Cercado por belezas naturais, o Norte do Brasil também possui suas lendas, violências, descasos e explorações. Esse combo intrincado, apesar de ser o mais conhecido por quem é de fora, não resume a realidade dos que vivem nos 7 estados que representam 45% do território brasileiro. Transformar a imagem da região, desmistificar fábulas e mostrar a potência das mulheres negras nortistas são alguns dos propósitos de Anna Suav & Bruna BG com “Ritual das Candeias”.
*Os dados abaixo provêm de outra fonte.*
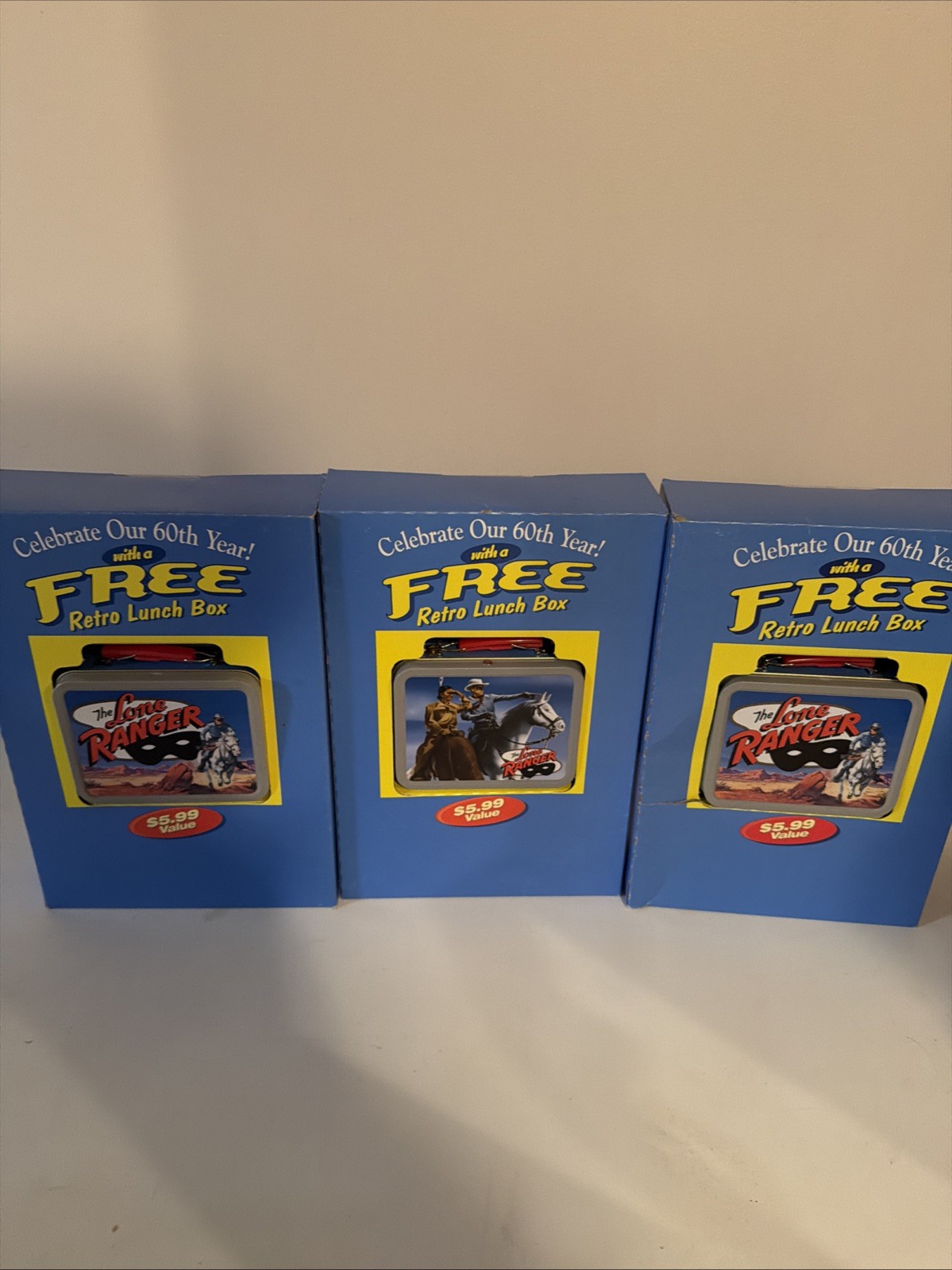 60TH ANNIVERSARY CHEERIOS RETRO LONE RANGER MINI LUNCHBOX.  Set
“A questão do território é algo que grita muito pra gente enquanto artistas da Amazônia, e, por isso, esse disco é uma forma de oferecer uma visão nossa da vivência desse lugar e pontuar questões de racialidade, gênero, entre outras coisas”, diz Anna, que é de Manaus, mas desde 2017 fortalece o rap do Pará. “Para além da demarcação da existência de uma negritude do Norte do país, é de uma imensa emoção ser ponte para contar a história simbólica e cultural da expressão dessa negritude na nossa região”.
O ritual que intitula o álbum é um evento que acontece no dia 13 de maio (Abolição), no Pará, para marcar o Dia Nacional de Denúncia contra o Racismo. Durante a “cerimônia”, velas são acesas pelos afrodescendentes em memória dos ancestrais que foram escravizados em Belém e enterrados no cemitério onde hoje está a Praça da República.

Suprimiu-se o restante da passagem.